» **What you should do**
All lines from the one that contains "Beneo Mercedes-Benz G63" to the end of the data must be retyped exactly. Pictures are not retyped.

» **Given information**
_ _ _ _
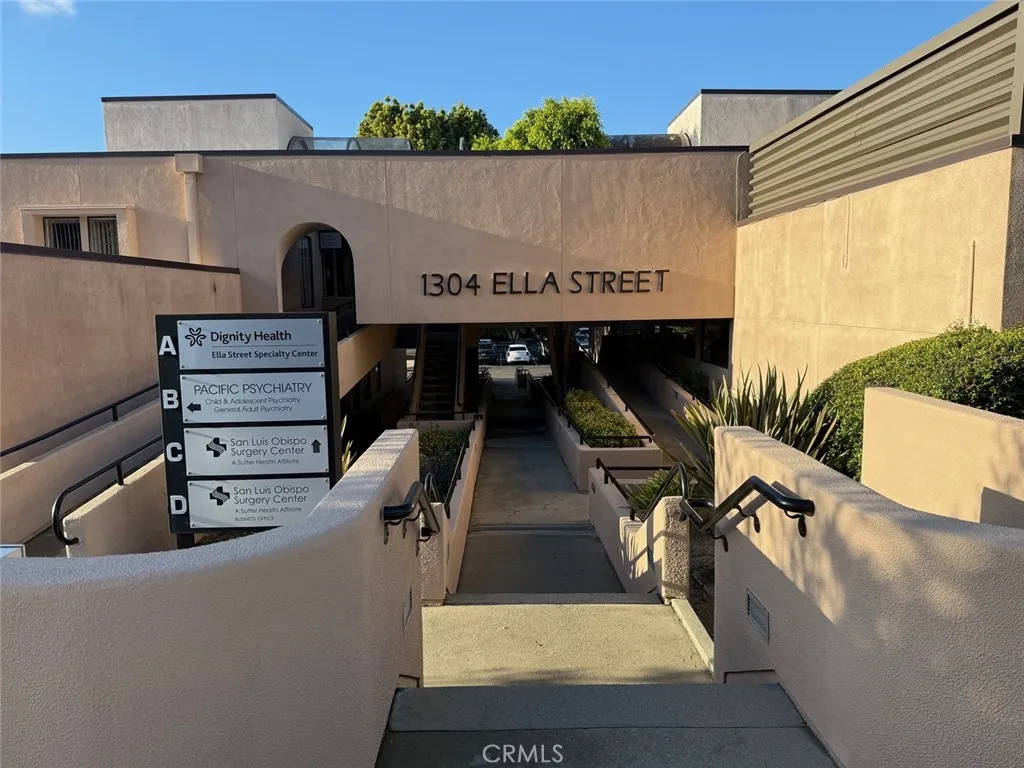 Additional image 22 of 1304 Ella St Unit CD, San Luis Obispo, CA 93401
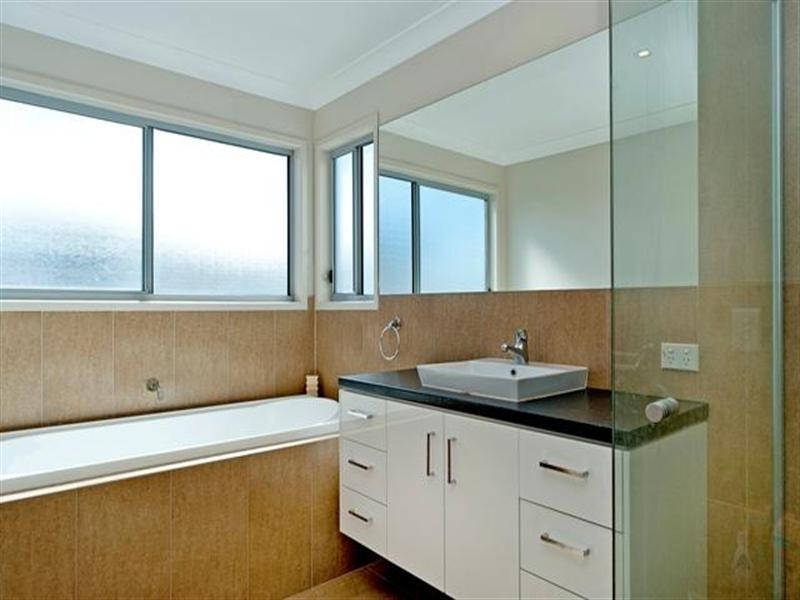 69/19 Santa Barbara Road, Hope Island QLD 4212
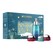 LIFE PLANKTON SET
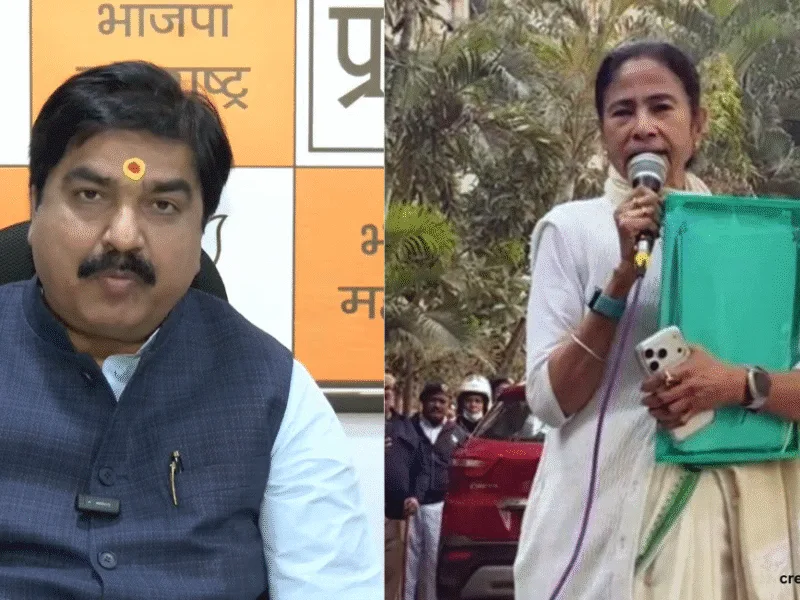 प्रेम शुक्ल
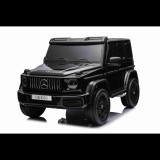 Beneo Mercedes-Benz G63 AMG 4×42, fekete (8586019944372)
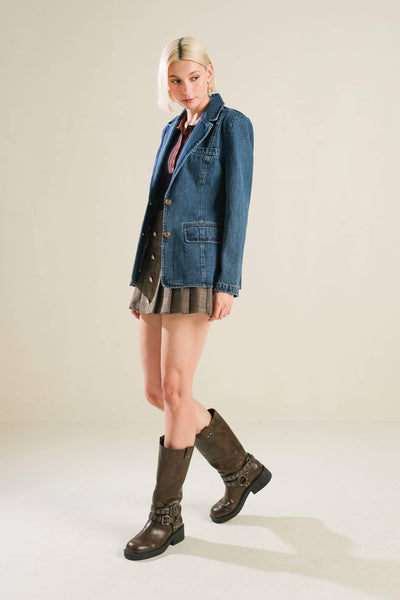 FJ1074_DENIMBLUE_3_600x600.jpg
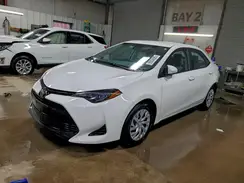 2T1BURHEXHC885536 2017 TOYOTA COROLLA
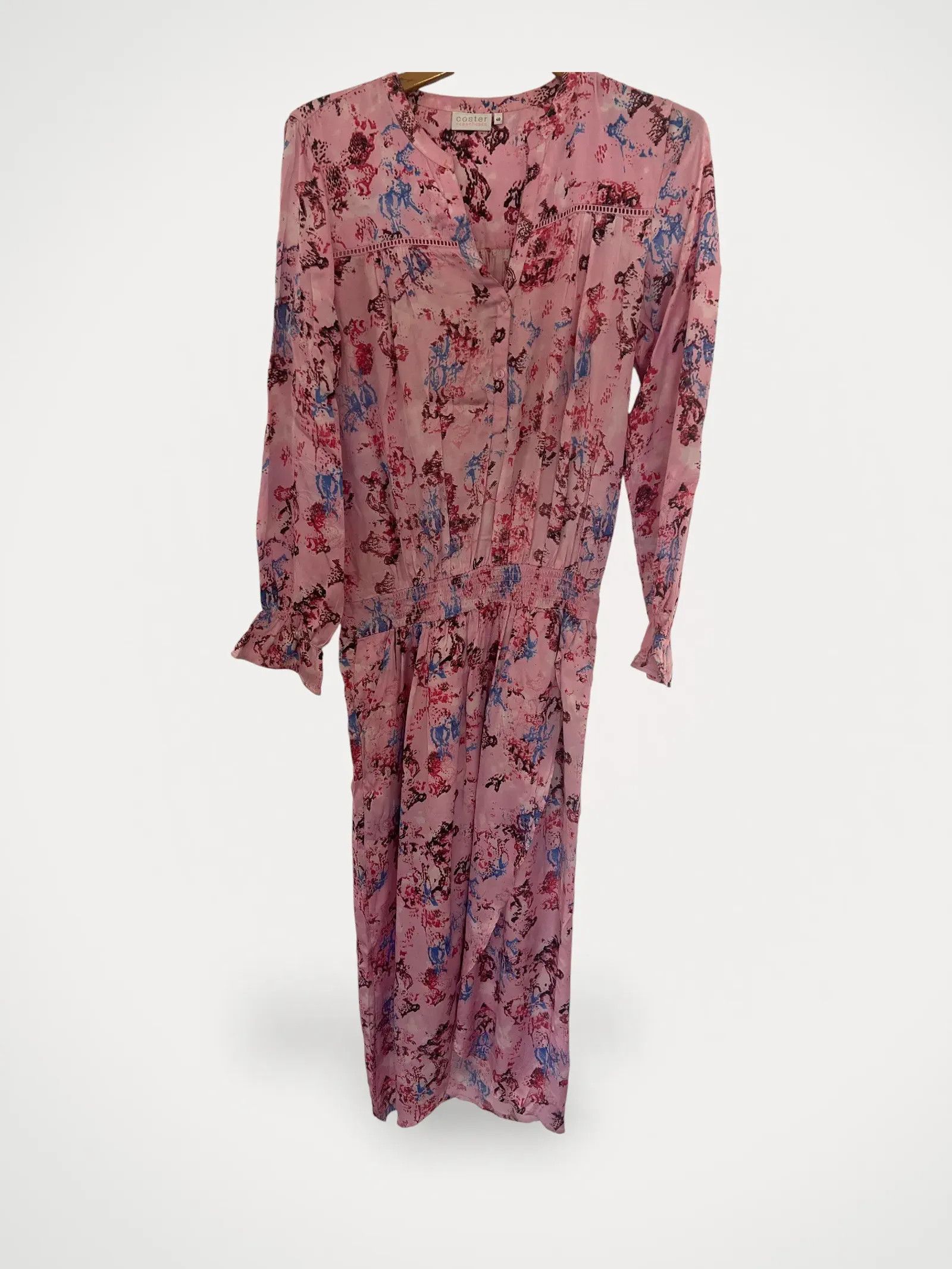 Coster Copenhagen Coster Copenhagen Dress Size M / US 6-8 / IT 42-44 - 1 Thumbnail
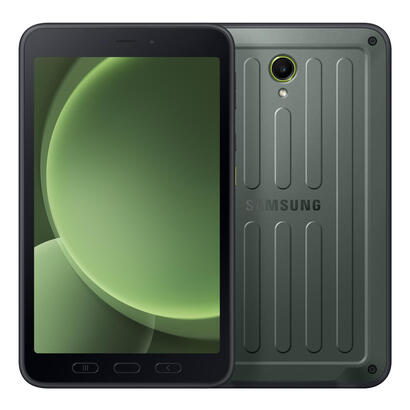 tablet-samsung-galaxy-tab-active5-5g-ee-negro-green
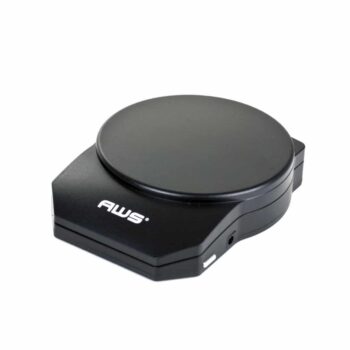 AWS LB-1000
_ _ _ _
» **Solved problem**
 Beneo Mercedes-Benz G63 AMG 4×42, fekete (8586019944372)
 FJ1074_DENIMBLUE_3_600x600.jpg
 2T1BURHEXHC885536 2017 TOYOTA COROLLA
 Coster Copenhagen Coster Copenhagen Dress Size M / US 6-8 / IT 42-44 - 1 Thumbnail
 tablet-samsung-galaxy-tab-active5-5g-ee-negro-green
 AWS LB-1000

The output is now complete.